Die Anforderungen unterscheiden sich im Detail, etwa hinsichtlich der Fristen, des Umfangs der zu erteilenden Auskunft und der Kosten, die dem Betroffenen in Rechnung gestellt werden können. Während die DSGVO die erste Kopie grundsätzlich kostenlos vorsieht, können andere Rechtsordnungen abweichende Regelungen vorsehen. Ein strukturiertes Auskunftsmanagement, das die Anforderungen verschiedener Rechtsordnungen berücksichtigt, ist daher für international agierende Unternehmen unerlässlich.
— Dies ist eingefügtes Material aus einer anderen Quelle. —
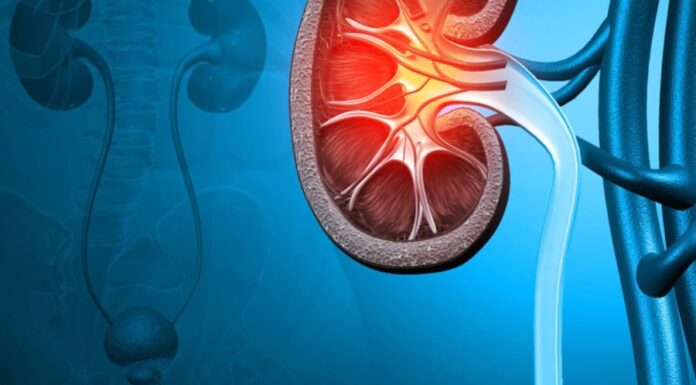6 Early Signs of Kidney Failure: Be Aware and Take Action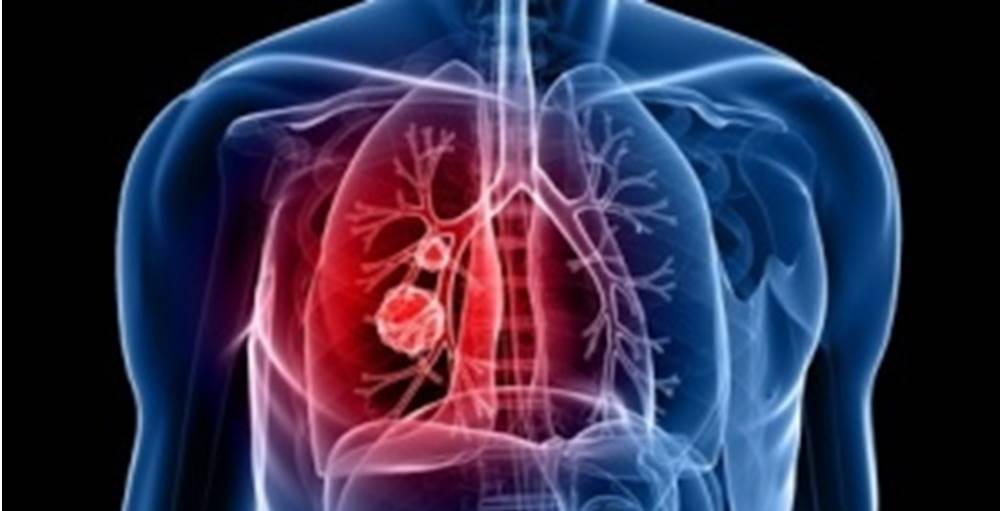 個別化医療の時代（上）　肺がん薬物療法は…　 遺伝子解析でオーダーメードが効く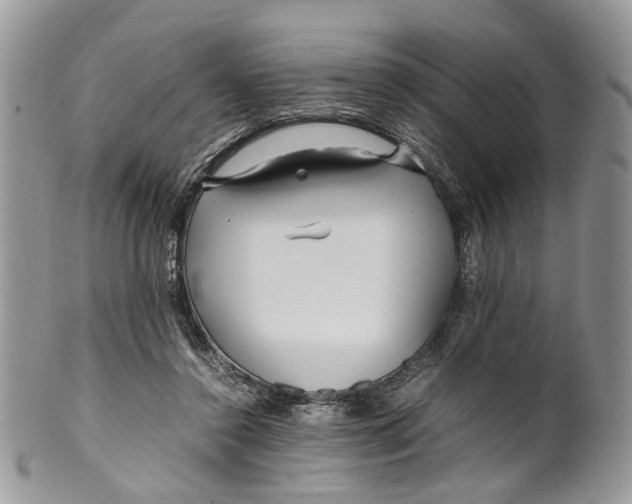 X0000099510356200806051152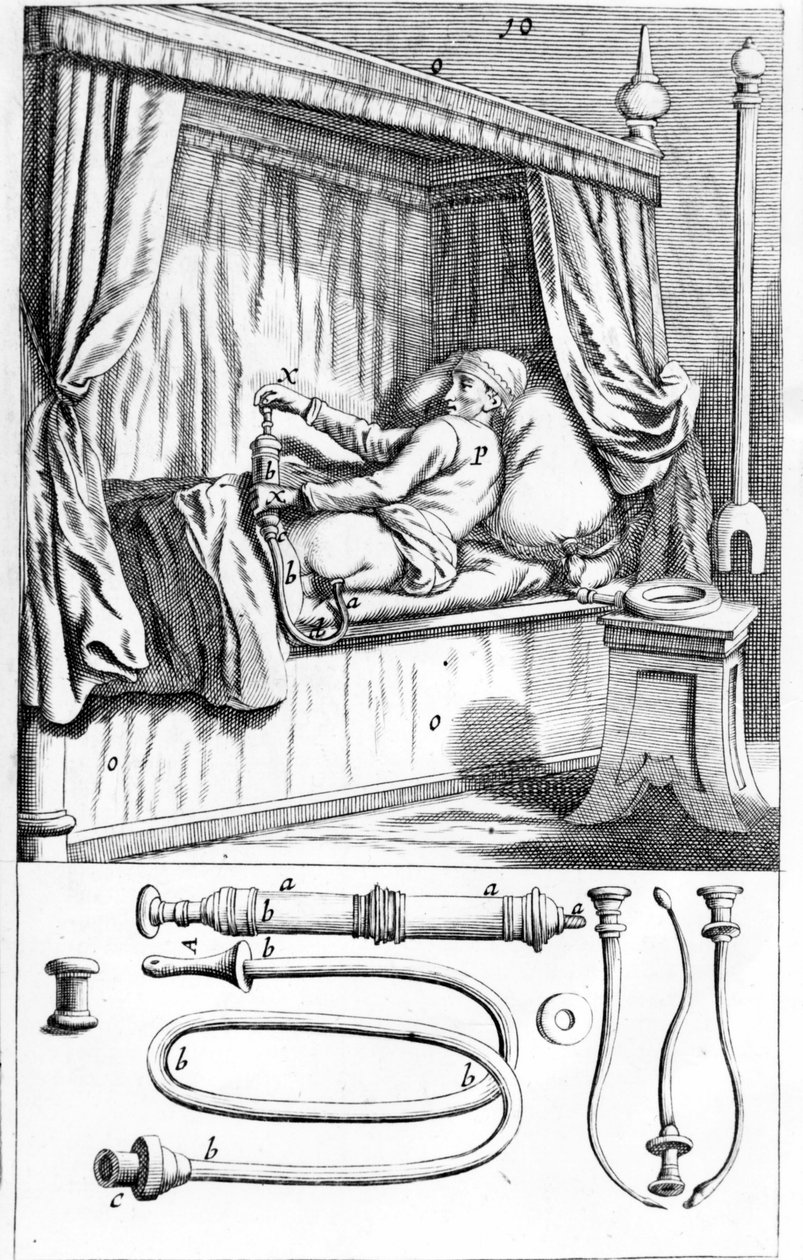 Clystère (peräruiskeille), kirjoittanut Johannes Sculptetus "" Armamentarium Surgical"". Venetsia 1665 tekijältä Unknown artist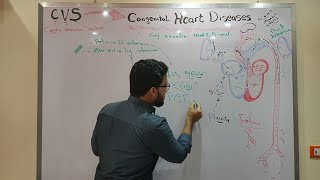 CVS Module  Congenital heart diseases part 1 [upl. by Keriann40]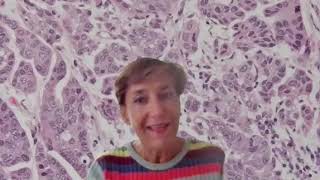 UTUC and bladder carcinoma: are similarities greater than differences?
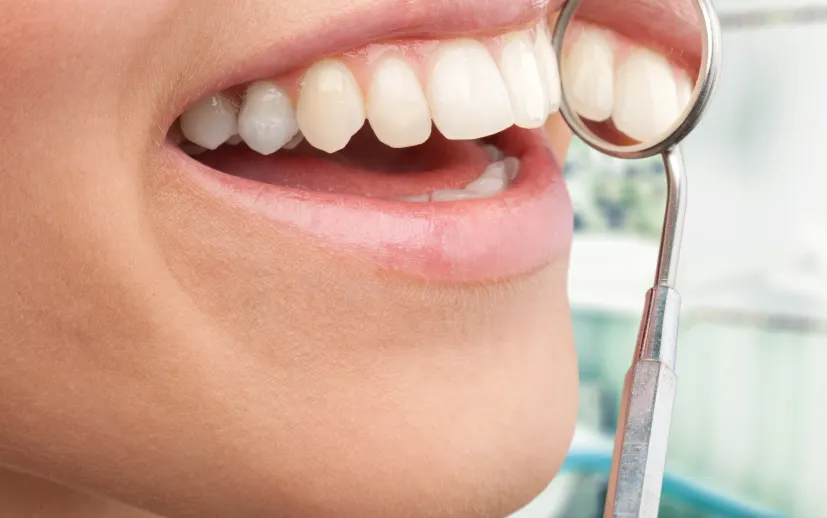 Diş Kaplama Sonrası Dikkat Edilmesi Gerekenler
Der vorliegende Fall des Landesarbeitsgerichts Hamm unterstreicht, dass die deutschen Gerichte DSGVO-Verstöße zunehmend ernst nehmen und betroffenen Personen effektiven Rechtsschutz gewähren. Unternehmen sollten dies als Anlass nehmen, ihre internen Prozesse zur Bearbeitung von Betroffenenanfragen zu überprüfen und gegebenenfalls mit Unterstützung eines externen Datenschutzbeauftragten zu optimieren.
Dokumentationspflichten und Nachweisbarkeit
Der Fall des Landesarbeitsgerichts Hamm verdeutlicht auch die Bedeutung einer lückenlosen Dokumentation im Datenschutz. Arbeitgeber sollten den Eingang und die Bearbeitung jedes Auskunftsersuchens sorgfältig dokumentieren, um im Streitfall nachweisen zu können, dass sie fristgerecht und vollständig geantwortet haben. Die Rechenschaftspflicht nach Art. 5 Abs. 2 DSGVO verlangt, dass der Verantwortliche die Einhaltung der datenschutzrechtlichen Grundsätze nachweisen kann. Ohne entsprechende Dokumentation trägt der Verantwortliche die Beweislast und riskiert, im Gerichtsverfahren zu unterliegen, selbst wenn er tatsächlich ordnungsgemäß gehandelt hat.